**WHAT THIS TASK INVOLVES**. Output every line from the beginning of the records through the line that contains "Overboots, Unisex, 3XL, Plain, PR, SHOES", exactly as it appears.

Source records

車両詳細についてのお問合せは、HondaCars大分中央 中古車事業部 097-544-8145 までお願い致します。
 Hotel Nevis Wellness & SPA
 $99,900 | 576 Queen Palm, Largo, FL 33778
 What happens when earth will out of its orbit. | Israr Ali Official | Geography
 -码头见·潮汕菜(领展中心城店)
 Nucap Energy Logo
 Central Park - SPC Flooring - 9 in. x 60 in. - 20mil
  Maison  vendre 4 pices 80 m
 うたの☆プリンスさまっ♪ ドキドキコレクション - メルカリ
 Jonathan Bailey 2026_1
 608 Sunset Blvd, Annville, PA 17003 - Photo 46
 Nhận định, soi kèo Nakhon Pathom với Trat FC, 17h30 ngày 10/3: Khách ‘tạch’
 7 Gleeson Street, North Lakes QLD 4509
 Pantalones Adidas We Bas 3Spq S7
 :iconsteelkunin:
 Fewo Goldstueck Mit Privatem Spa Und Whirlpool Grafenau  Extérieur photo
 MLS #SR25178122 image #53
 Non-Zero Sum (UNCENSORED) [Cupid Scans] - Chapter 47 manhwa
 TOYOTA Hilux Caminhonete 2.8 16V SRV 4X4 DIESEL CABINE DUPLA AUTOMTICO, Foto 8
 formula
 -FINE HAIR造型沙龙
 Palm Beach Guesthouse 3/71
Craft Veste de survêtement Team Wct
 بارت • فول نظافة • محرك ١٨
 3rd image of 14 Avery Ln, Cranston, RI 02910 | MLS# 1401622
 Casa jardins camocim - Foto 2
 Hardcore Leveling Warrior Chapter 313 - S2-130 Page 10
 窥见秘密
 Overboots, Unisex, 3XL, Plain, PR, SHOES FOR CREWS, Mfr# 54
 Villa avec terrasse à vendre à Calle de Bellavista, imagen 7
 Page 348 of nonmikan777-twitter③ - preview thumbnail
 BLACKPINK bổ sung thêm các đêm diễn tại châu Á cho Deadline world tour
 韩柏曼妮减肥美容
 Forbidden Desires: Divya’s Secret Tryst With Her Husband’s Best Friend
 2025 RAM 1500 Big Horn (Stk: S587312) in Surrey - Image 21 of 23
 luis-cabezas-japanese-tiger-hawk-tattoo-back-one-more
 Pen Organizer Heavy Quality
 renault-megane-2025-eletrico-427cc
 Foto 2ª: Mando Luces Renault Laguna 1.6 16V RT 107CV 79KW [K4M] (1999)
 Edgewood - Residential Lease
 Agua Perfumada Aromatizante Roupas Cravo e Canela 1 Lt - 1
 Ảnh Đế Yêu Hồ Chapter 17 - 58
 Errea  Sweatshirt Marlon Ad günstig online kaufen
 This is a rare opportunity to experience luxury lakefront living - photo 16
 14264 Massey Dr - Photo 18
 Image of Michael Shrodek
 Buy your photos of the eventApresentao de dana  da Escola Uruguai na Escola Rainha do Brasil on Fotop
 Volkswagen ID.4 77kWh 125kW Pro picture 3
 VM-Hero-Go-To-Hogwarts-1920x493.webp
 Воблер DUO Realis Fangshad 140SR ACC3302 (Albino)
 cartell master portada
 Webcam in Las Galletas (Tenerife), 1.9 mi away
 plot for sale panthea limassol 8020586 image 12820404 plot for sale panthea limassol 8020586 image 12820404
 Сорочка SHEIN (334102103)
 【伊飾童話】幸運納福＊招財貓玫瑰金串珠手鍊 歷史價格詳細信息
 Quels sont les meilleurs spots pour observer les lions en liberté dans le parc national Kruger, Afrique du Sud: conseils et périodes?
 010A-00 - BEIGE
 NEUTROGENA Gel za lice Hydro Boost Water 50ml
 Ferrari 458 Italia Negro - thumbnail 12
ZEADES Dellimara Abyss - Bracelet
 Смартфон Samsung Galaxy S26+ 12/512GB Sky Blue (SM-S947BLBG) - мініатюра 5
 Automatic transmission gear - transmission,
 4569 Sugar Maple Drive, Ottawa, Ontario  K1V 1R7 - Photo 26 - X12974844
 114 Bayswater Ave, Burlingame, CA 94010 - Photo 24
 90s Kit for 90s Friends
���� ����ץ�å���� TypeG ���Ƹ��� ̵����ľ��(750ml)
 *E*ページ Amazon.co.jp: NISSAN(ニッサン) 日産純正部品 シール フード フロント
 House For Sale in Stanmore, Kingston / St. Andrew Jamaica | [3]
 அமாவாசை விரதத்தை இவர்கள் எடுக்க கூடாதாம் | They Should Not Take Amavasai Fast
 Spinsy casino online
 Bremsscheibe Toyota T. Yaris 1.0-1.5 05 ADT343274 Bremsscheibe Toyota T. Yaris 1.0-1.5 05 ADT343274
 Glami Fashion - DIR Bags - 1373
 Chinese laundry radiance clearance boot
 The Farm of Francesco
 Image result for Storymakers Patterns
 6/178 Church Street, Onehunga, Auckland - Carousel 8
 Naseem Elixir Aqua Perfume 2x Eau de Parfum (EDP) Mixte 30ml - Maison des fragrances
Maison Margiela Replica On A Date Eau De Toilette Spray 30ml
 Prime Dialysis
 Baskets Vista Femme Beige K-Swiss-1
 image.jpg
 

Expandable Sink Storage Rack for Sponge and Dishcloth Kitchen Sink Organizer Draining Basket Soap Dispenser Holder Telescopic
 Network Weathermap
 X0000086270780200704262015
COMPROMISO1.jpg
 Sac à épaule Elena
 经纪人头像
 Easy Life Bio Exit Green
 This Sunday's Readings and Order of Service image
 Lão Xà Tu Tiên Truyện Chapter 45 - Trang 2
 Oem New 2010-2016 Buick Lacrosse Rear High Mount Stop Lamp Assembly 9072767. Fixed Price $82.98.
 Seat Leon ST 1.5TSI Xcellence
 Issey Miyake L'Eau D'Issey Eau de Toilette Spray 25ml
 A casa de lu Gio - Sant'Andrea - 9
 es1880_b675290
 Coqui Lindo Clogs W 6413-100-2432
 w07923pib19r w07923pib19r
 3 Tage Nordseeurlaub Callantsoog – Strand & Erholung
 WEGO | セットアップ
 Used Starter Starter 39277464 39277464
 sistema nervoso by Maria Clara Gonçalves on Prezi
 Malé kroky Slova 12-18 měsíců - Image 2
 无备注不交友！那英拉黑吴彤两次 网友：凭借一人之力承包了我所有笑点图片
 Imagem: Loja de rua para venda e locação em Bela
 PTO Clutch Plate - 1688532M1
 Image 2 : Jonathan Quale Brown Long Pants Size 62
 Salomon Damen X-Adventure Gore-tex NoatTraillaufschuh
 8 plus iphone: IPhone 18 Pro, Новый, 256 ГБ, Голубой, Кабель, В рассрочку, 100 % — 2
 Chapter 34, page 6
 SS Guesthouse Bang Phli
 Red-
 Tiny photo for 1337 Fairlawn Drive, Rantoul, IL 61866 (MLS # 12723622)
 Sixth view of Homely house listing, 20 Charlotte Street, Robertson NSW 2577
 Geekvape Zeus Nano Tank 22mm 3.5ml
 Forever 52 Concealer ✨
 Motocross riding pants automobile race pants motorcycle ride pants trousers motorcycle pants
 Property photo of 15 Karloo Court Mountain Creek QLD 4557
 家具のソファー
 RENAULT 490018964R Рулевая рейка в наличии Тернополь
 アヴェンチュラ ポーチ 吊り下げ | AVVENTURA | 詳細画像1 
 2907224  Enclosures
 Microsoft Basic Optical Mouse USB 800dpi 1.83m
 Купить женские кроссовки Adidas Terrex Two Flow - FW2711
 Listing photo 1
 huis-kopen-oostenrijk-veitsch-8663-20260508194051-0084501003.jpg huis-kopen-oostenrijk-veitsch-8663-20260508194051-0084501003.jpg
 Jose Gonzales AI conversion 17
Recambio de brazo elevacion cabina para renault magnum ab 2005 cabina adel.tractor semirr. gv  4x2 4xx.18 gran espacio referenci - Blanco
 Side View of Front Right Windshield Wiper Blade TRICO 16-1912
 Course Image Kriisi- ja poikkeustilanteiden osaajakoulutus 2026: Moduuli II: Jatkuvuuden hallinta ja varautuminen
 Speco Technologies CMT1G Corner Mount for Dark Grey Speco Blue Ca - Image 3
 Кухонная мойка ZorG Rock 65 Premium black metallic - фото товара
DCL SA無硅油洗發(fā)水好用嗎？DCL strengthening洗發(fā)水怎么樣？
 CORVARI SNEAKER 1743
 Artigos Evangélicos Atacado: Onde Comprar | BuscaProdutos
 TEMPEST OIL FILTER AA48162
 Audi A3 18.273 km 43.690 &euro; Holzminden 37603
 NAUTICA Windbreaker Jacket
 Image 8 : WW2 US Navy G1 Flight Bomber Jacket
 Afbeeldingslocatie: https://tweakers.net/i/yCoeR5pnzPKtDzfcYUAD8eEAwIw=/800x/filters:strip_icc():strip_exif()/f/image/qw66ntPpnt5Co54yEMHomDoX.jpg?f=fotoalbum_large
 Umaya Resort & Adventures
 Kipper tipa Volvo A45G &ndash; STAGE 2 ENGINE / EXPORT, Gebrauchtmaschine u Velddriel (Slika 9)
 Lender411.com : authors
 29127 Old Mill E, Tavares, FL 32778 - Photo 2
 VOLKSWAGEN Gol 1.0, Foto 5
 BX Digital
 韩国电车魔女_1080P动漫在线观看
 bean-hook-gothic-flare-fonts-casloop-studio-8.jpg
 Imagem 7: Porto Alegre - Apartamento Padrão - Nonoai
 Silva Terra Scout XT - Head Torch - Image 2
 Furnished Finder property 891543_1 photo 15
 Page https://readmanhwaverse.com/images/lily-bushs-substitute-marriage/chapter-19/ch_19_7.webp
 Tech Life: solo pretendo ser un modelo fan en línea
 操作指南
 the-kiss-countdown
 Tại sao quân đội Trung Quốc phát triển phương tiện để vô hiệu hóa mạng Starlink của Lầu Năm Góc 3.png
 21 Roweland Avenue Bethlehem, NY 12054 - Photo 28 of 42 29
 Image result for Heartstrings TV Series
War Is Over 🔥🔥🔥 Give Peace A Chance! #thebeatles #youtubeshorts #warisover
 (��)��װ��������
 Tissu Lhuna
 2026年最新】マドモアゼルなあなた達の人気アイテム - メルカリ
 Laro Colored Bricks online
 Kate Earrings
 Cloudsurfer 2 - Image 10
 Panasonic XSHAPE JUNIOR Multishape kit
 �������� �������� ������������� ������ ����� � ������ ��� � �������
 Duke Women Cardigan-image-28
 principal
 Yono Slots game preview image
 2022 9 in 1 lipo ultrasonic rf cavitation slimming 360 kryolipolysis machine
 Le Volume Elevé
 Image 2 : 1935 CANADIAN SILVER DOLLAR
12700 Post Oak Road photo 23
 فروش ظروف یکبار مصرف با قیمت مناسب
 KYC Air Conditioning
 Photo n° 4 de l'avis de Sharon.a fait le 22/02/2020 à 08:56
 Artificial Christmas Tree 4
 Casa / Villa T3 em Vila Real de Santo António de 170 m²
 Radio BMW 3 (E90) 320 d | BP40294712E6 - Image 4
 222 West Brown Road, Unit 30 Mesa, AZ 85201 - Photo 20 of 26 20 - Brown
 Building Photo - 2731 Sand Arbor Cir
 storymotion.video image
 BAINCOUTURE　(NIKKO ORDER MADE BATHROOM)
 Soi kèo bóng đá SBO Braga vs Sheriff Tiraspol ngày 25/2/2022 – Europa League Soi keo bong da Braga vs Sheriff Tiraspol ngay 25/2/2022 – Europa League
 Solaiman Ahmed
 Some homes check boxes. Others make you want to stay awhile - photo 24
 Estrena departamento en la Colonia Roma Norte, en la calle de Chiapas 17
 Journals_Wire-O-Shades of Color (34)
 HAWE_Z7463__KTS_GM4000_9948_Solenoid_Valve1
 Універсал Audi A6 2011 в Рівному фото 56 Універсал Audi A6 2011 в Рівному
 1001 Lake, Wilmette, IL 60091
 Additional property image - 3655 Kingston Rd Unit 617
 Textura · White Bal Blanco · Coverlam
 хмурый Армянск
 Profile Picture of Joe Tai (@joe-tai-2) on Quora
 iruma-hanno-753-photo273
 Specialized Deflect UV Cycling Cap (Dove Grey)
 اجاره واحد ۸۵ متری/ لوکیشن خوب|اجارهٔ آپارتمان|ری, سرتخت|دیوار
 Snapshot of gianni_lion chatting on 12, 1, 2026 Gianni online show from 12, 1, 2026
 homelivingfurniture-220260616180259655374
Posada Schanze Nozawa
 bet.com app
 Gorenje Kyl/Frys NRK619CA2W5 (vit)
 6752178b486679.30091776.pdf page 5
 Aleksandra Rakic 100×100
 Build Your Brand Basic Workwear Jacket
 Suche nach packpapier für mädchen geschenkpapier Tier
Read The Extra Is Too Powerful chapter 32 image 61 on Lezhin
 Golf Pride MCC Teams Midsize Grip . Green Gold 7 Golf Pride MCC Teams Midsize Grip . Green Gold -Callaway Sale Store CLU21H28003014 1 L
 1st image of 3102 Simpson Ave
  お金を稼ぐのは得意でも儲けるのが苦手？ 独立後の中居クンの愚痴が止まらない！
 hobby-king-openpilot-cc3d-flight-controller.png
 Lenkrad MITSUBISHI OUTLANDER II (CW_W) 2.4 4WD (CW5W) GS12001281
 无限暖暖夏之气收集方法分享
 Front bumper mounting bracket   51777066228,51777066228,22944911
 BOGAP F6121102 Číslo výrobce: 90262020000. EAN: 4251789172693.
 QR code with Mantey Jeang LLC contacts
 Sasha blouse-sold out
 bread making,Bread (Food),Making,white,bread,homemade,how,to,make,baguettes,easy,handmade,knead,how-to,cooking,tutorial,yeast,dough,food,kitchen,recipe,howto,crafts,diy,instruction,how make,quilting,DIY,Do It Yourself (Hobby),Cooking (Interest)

**YOUR SOLUTION**.
車両詳細についてのお問合せは、HondaCars大分中央 中古車事業部 097-544-8145 までお願い致します。
 Hotel Nevis Wellness & SPA
 $99,900 | 576 Queen Palm, Largo, FL 33778
 What happens when earth will out of its orbit. | Israr Ali Official | Geography
 -码头见·潮汕菜(领展中心城店)
 Nucap Energy Logo
 Central Park - SPC Flooring - 9 in. x 60 in. - 20mil
  Maison  vendre 4 pices 80 m
 うたの☆プリンスさまっ♪ ドキドキコレクション - メルカリ
 Jonathan Bailey 2026_1
 608 Sunset Blvd, Annville, PA 17003 - Photo 46
 Nhận định, soi kèo Nakhon Pathom với Trat FC, 17h30 ngày 10/3: Khách ‘tạch’
 7 Gleeson Street, North Lakes QLD 4509
 Pantalones Adidas We Bas 3Spq S7
 :iconsteelkunin:
 Fewo Goldstueck Mit Privatem Spa Und Whirlpool Grafenau  Extérieur photo
 MLS #SR25178122 image #53
 Non-Zero Sum (UNCENSORED) [Cupid Scans] - Chapter 47 manhwa
 TOYOTA Hilux Caminhonete 2.8 16V SRV 4X4 DIESEL CABINE DUPLA AUTOMTICO, Foto 8
 formula
 -FINE HAIR造型沙龙
 Palm Beach Guesthouse 3/71
Craft Veste de survêtement Team Wct
 بارت • فول نظافة • محرك ١٨
 3rd image of 14 Avery Ln, Cranston, RI 02910 | MLS# 1401622
 Casa jardins camocim - Foto 2
 Hardcore Leveling Warrior Chapter 313 - S2-130 Page 10
 窥见秘密
 Overboots, Unisex, 3XL, Plain, PR, SHOES FOR CREWS, Mfr# 54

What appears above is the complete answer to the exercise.